WHAT IS NEEDED — Where the entries below show "фото thumb №7, Жгут", begin there and print that line and all following lines exactly, through the last, omitting pictures.
[Opening THE DATA section]
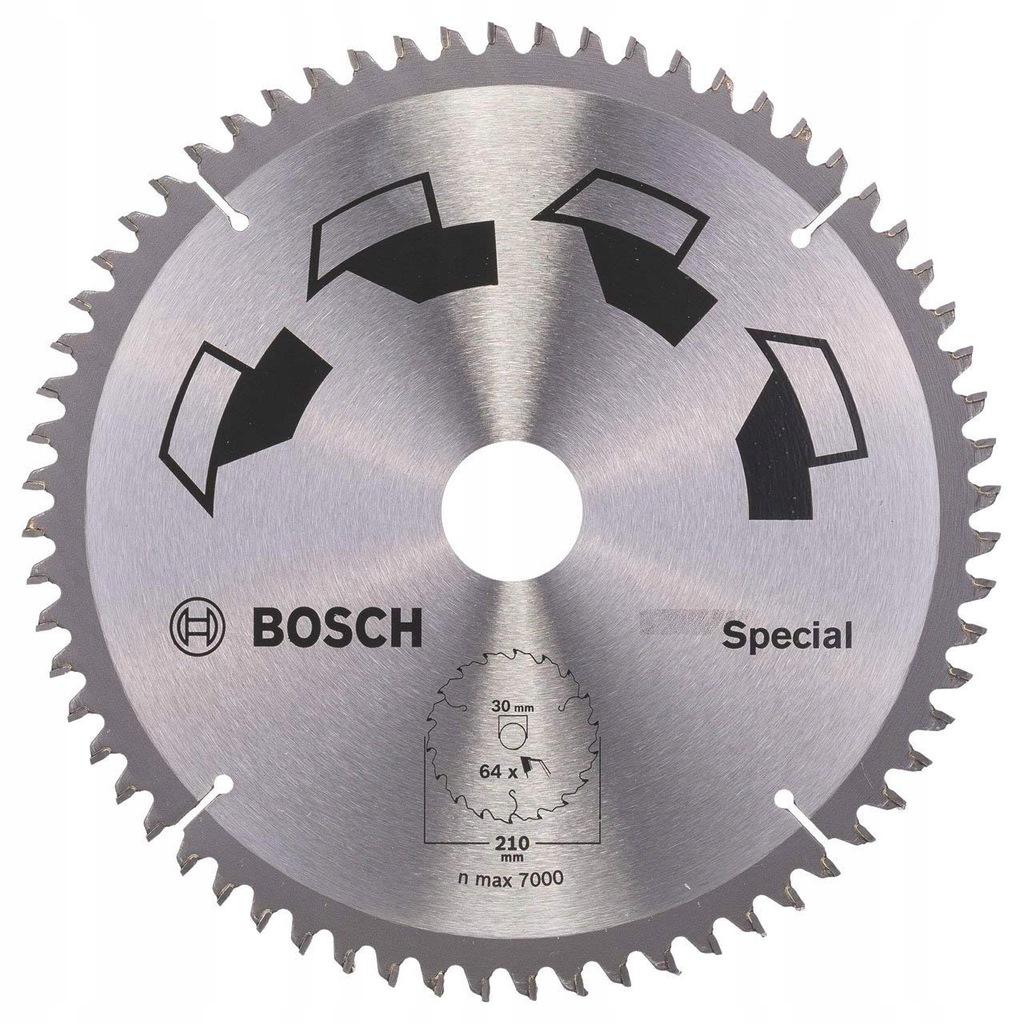 Uniwersalna Tarcza Tnąca Bosch Special 210x30 MM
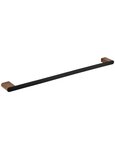 Porte-serviette GALLA en laiton noir et doré 60 x6 x2 cm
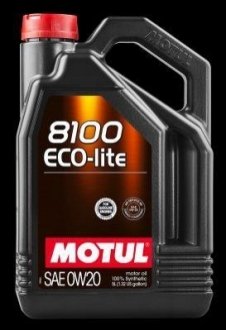 Олива мот 0W20 5L 8100 ECO-LITE =841151 GM Dexos1 MOTUL 104983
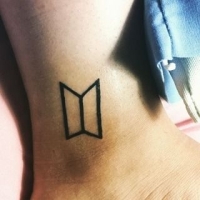 bts tattoo logo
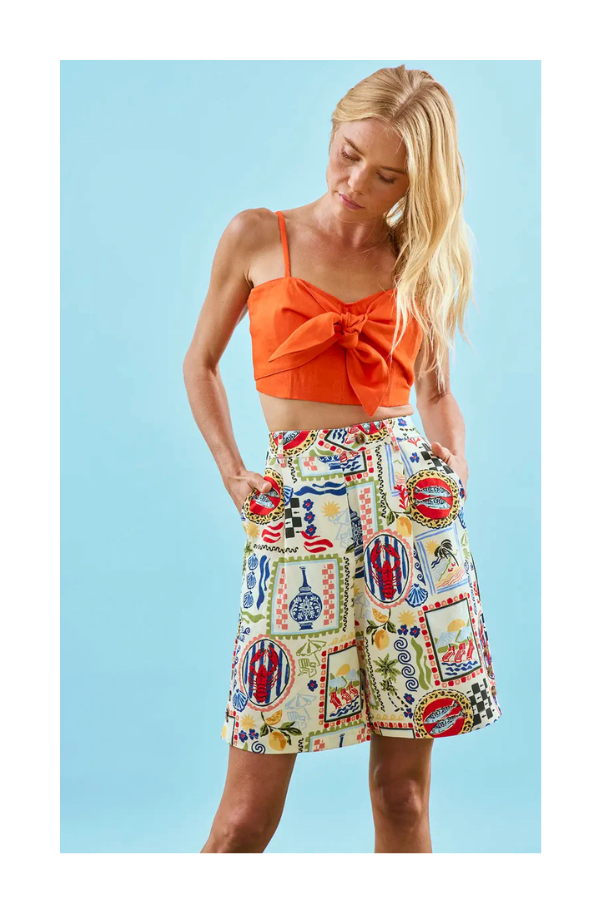 Ginny Bermuda Short in Coastal Conversation
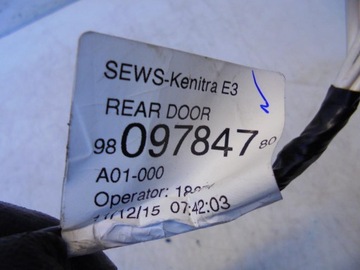 фото thumb №7, Жгут установка дверь левый зад citroen c4 cactus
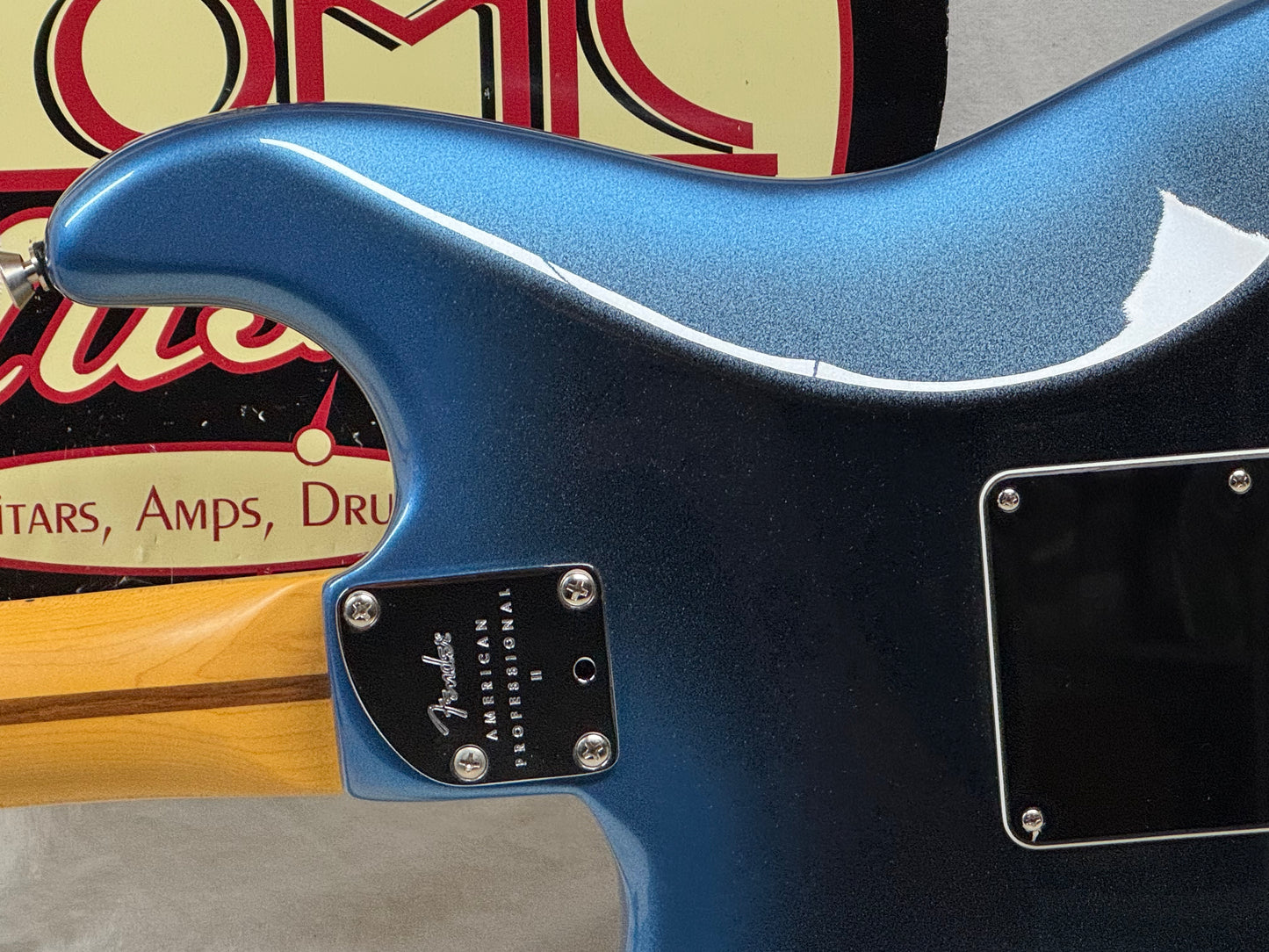 Fender American Professional II 2 Stratocaster Guitar with Case 2021 - Dark Night / Maple neck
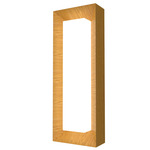 Squadro Miter Wall Sconce - Cathedral Freijo / White Acrylic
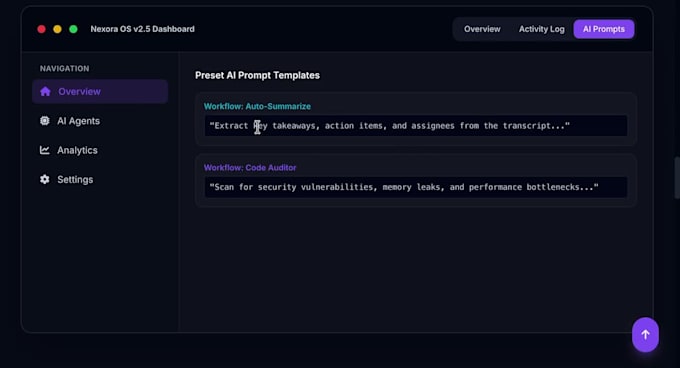 build a modern ai web app prototype or saas website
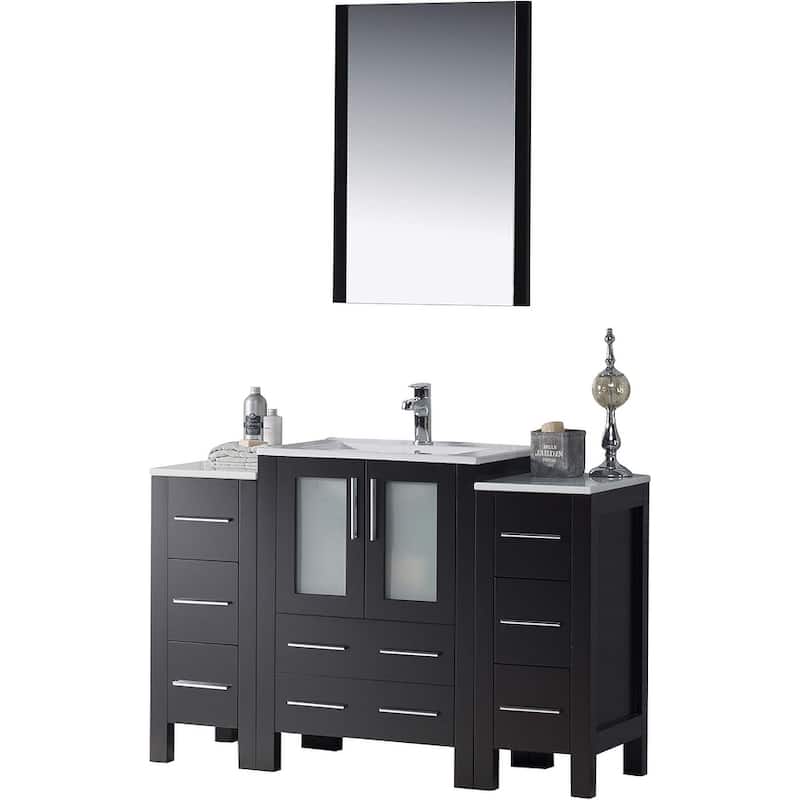Blossom Sydney 48 Inch Solid Wood Bathroom Vanity with Sink & Cabinets - Espresso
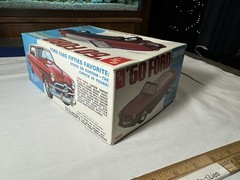 1975 AMT Plastic Model Kit 1950 Ford Convertible #T353 Sealed Bags Unbuilt Nice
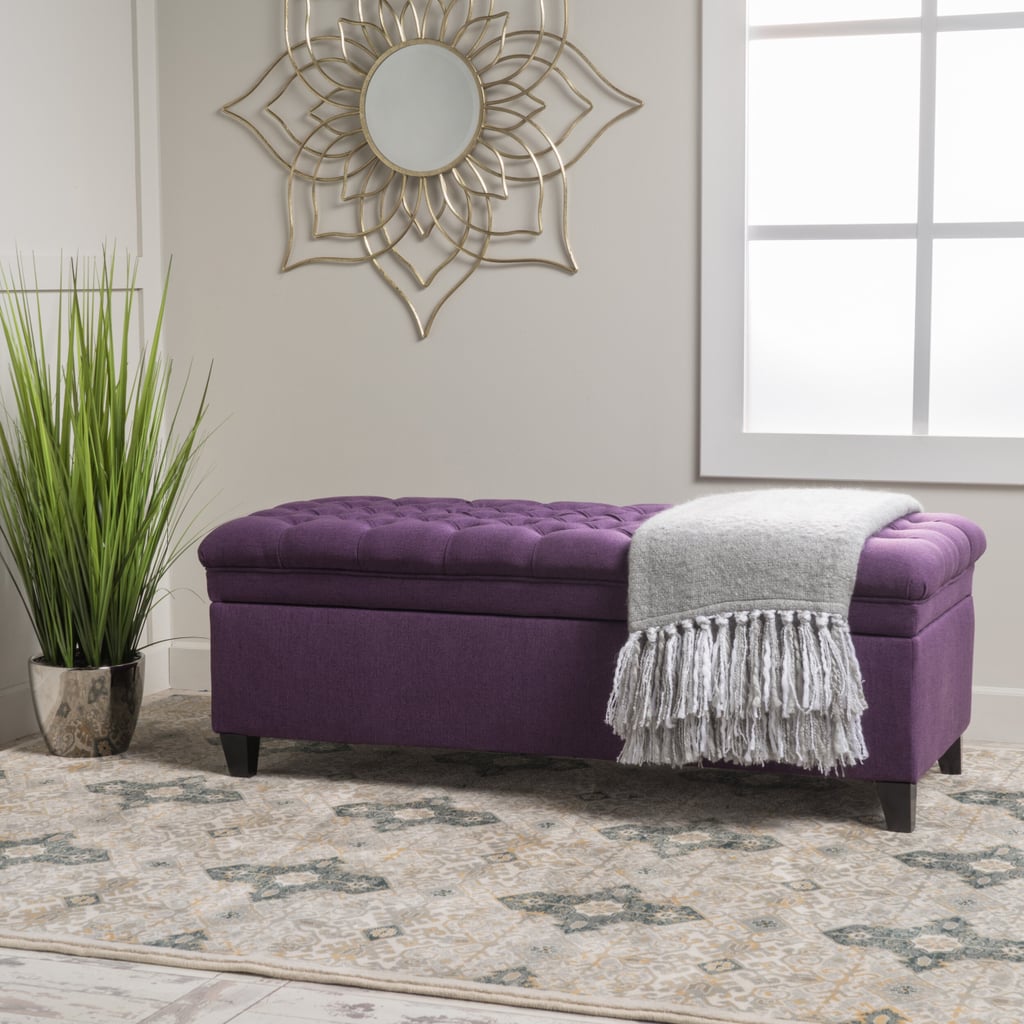 50" Tufted Rectangle Storage Ottoman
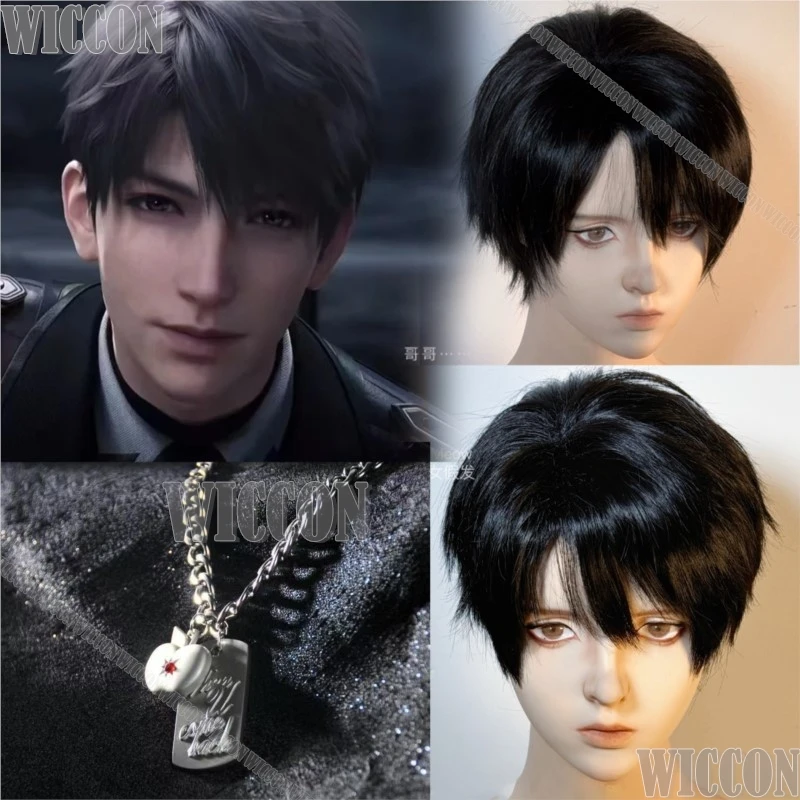 Xia Yizhou Caleb Elder Brother Cosplay Game Love And Deepspace Man Wig Animal Ears Necklace Girl Women Gift Roleplay Customized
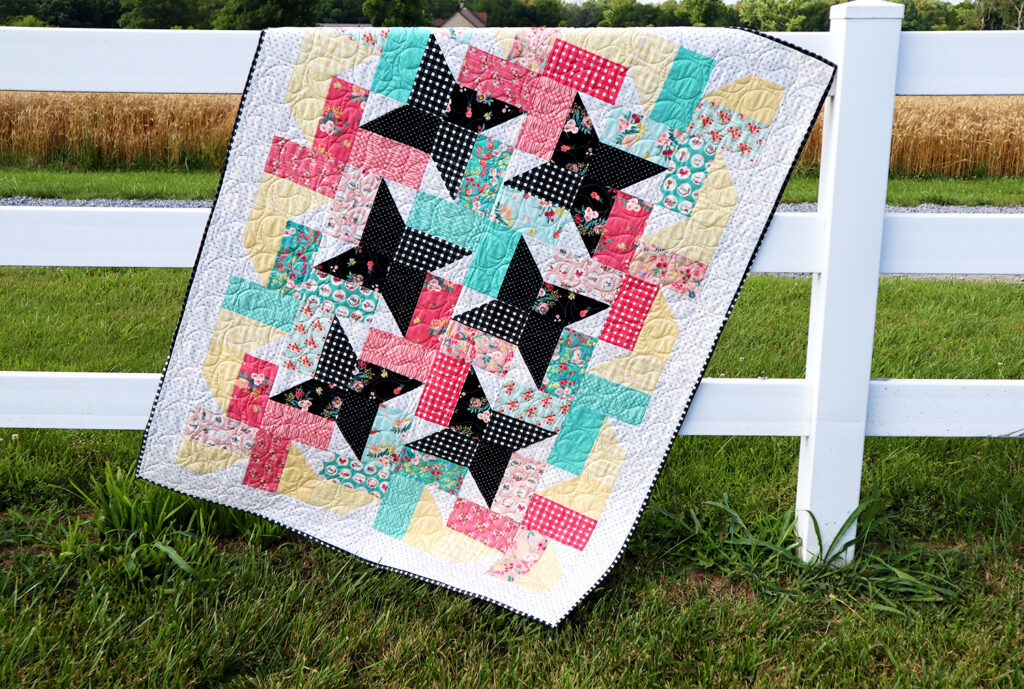 Fat Quarter Ferris Wheel Free Quilt Pattern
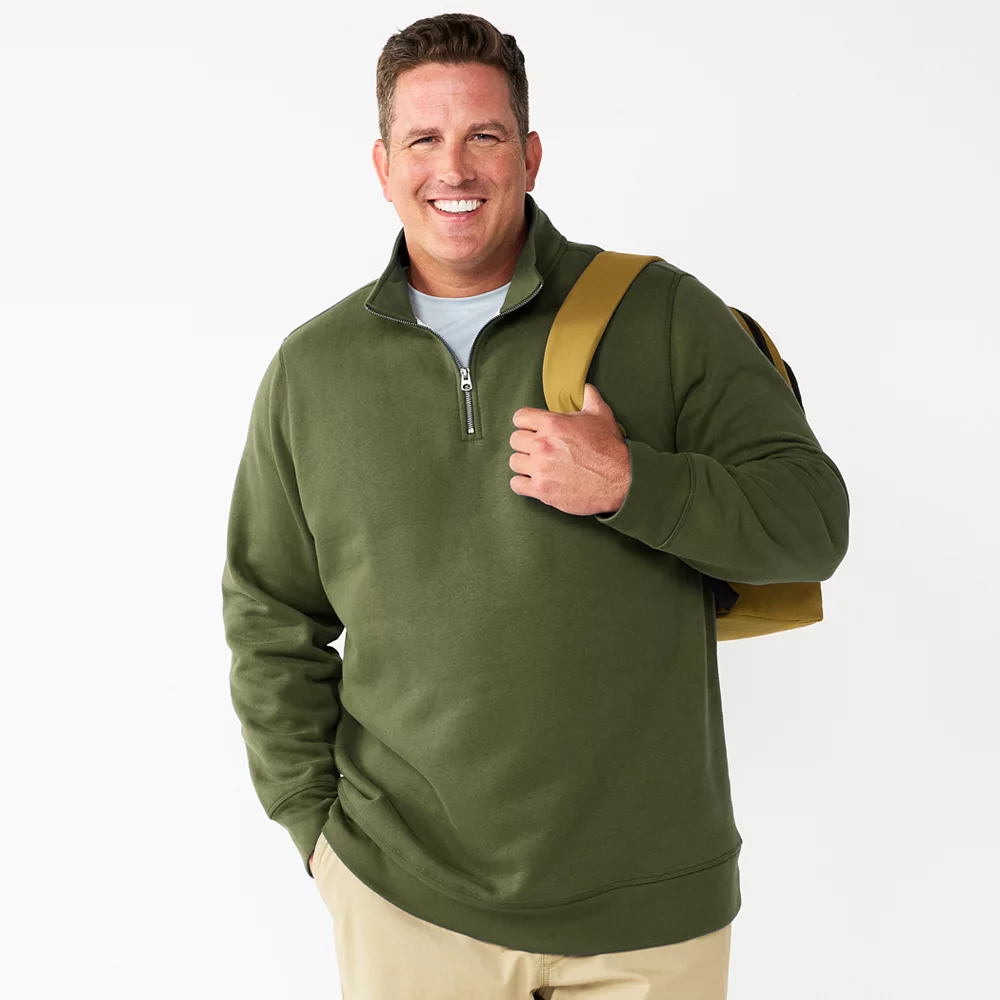 Big & Tall Sonoma Goods For Life® Quarter-Zip Fleece 7 Big & Tall Sonoma Goods For Life® Quarter-Zip Fleece - Image 5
[Closing THE DATA section]
RESULT FOR THIS EXERCISE —
 фото thumb №7, Жгут установка дверь левый зад citroen c4 cactus
 Fender American Professional II 2 Stratocaster Guitar with Case 2021 - Dark Night / Maple neck
 Squadro Miter Wall Sconce - Cathedral Freijo / White Acrylic
 build a modern ai web app prototype or saas website
Blossom Sydney 48 Inch Solid Wood Bathroom Vanity with Sink & Cabinets - Espresso
 1975 AMT Plastic Model Kit 1950 Ford Convertible #T353 Sealed Bags Unbuilt Nice
 50" Tufted Rectangle Storage Ottoman
 Xia Yizhou Caleb Elder Brother Cosplay Game Love And Deepspace Man Wig Animal Ears Necklace Girl Women Gift Roleplay Customized
 Fat Quarter Ferris Wheel Free Quilt Pattern
 Big & Tall Sonoma Goods For Life® Quarter-Zip Fleece 7 Big & Tall Sonoma Goods For Life® Quarter-Zip Fleece - Image 5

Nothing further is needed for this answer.